Universität Ulm

Vom automatisierten Steuerbescheid zum vollautomatischen Richter?

Ulm (Region) | 11.07.2019

Prof. Rudolf Mellinghoff. Foto: ©Daniel Schvarcz / Bundesfinanzhof Prof. Rudolf Mellinghoff. Foto: ©Daniel Schvarcz / Bundesfinanzhof

Ulm: Die Digitalisierung macht selbst vor der Rechtsprechung nicht halt. Schon jetzt helfen Legal Chat Bots oder andere KI-basierte Algorithmen dabei, juristische Entscheidungen vorzubereiten. Lassen sich in Zukunft gar Richter durch Automaten ersetzen?

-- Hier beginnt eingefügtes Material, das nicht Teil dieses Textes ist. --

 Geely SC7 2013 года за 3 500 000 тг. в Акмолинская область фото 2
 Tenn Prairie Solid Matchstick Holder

Mit Fragen wie diesen befasst sich das 16. Ulmer Kolloquium für Wirtschafts- und Steuerrecht. Impulse dazu gibt der Präsident des Bundesfinanzhofs, Professor Rudolf Mellinghoff. Sein Vortrag „Steuervollzug und gerichtliche Kontrolle in Zeiten der Digitalisierung“ findet am Mittwoch, den 17. Juli (18:00 Uhr), an der Universität Ulm im Forschungsgebäude N27 statt. Der Vortrag ist kostenlos.

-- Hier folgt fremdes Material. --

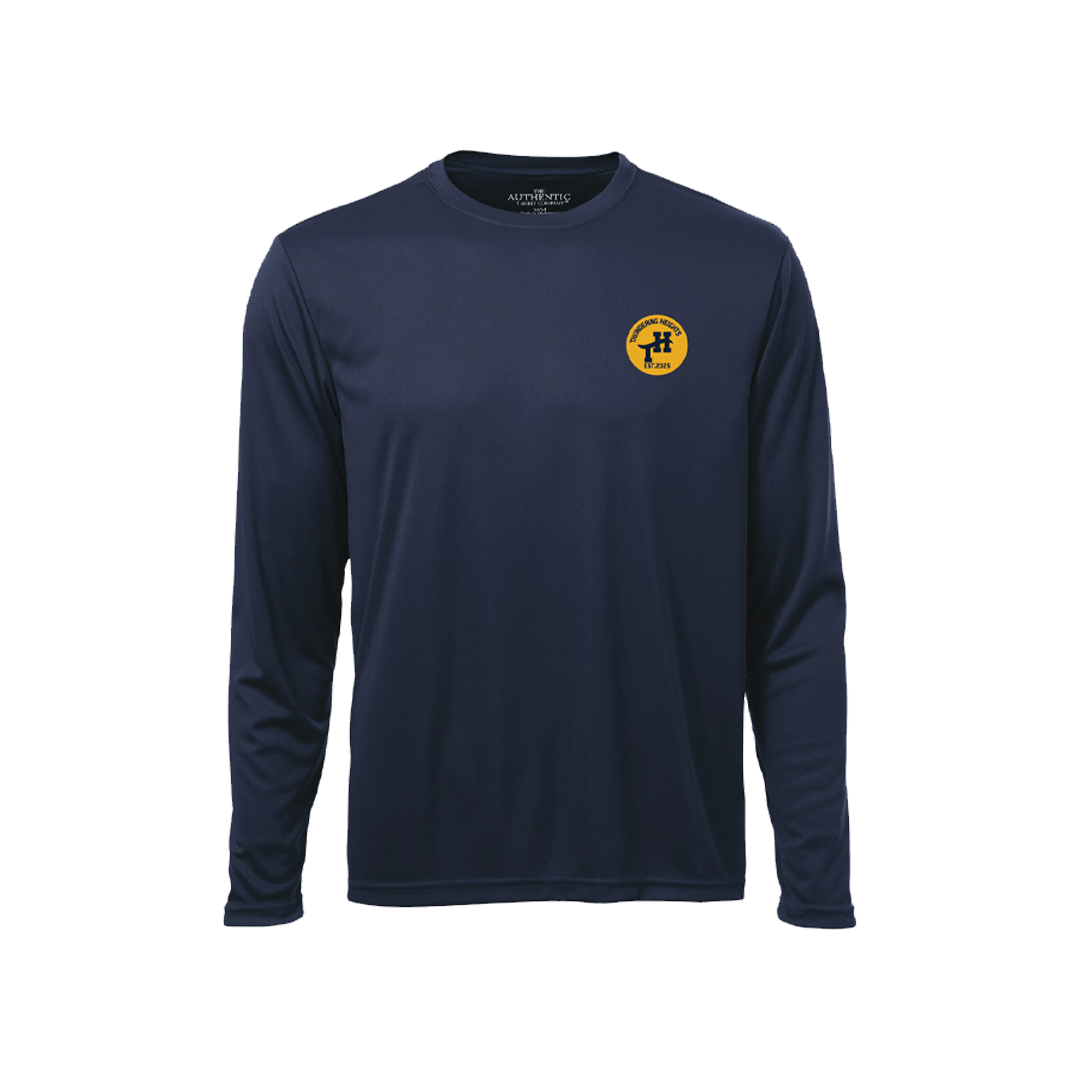 THL Tech Longsleeve Staff Mens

Rudolf Mellinghoff, ehemaliger Richter am Bundesverfassungsgericht (Zweiter Senat), ist Honorarprofessor der Universität Tübingen und Herausgeber eines Großkommentars zum Einkommenssteuerrecht. Der Präsident des Bundesfinanzhofs behandelt in seinem Vortrag die kontrovers diskutierte Frage nach der Algorithmen-Transparenz und des Menschenvorbehalts. Muss offengelegt werden, wie die Algorithmen arbeiten? Und wenn ja, wer schlägt daraus Profit? Welche Rolle kann und soll der Faktor Mensch in automatisierten Entscheidungsverfahren spielen? Im Fokus des Vortrages stehen auch die Auswirkungen der Automatisierung des Rechts auf Fragen der Gewaltenteilung und Gerechtigkeit. Besonderes Augenmerk legt Mellinghoff dabei auf aktuelle Entwicklungen im Steuerrecht.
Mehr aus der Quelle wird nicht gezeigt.